Тем летом я часто видел Уэллса и научился ценить в нем то, что подвигло его на мятеж против генри–джеймсовского духа. Сам Джеймс выразил это лучше всего, когда сказал: «Уэллс не просто пишет живо, он скачет и брыкается». Очень жаль, что брыкнул он именно Джеймса, но я могу в какой–то мере сочувствовать мятежу против призраков и панелей. Мне всегда нравилась в Уэллсе простая и могучая тяга к веселью. С ним можно было долго разыгрывать шутку, хотя, я думаю, его не так уж привлекала ее длина. Помню, мы сделали кукольный театр с пантомимой про Сидни Уэбба. Помню и то, что именно Уэллс выдумал игру под названием «джайп». У нее было много разновидностей, в нее играли на суше и на море. Я сам вырезал из картона разноцветные штучки для детского джайпа. Все было в порядке, все двигалось вперед, кроме самой игры, которую еще не создали.

Конечно, такой человек чувствовал, что Генри Джеймс отнесется холодно к джайпу. Ради священной памяти джайпа я прощаю, что ему это не нравилось, но не могу избавиться от мысли, что он слишком быстро на все реагировал. Я всегда восхищался им, меня смущали эти реакции. Хотя это слово он очень не любил, я назвал бы его постоянным реакционером. Он всегда не столько идет куда–то, сколько от чего–то отшатывается. То он только что был либералом, то — фабианцем, то другом NN или ZZ. Часто он приближался к правде, и потому его метания раздражали меня, словно чью–то шляпу никак не может выбросить море. По–видимому, он считал, что открытый разум — самоцель; а я убежден, что мы открываем разум, как и рот, чтобы что–то туда вложить.
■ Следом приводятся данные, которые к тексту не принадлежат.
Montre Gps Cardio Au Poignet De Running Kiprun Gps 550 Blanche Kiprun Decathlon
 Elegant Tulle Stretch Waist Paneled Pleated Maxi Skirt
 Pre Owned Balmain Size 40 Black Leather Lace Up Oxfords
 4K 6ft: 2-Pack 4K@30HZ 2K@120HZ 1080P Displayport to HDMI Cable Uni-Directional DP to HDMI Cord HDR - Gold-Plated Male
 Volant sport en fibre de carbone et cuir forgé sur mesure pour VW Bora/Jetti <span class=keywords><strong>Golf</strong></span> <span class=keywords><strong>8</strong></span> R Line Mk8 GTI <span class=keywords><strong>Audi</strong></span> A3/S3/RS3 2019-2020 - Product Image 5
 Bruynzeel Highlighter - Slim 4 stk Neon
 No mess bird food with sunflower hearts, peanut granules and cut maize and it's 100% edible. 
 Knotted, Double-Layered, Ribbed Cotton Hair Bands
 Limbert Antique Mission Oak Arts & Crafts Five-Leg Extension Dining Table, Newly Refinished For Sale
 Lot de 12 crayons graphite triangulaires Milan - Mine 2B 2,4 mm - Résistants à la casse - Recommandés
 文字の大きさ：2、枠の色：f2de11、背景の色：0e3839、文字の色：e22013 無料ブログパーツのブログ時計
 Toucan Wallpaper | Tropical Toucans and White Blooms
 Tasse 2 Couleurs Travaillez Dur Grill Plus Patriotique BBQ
Имя Уэллса немедленно вызывает в памяти имя Бернарда Шоу; собственно, он по чистой случайности еще не появился в этой книге. Сам я беспрерывно с ним спорил, и вынес из этих споров больше восхищения и любви, чем многие выносят из согласия. В отличие от тех, о ком я здесь пишу, Шоу лучше всего, когда он с тобой не согласен. Я мог бы сказать, что он лучше всего, когда он не прав. Прибавлю, что не прав он почти всегда. Точнее, все в нем не право, кроме него самого.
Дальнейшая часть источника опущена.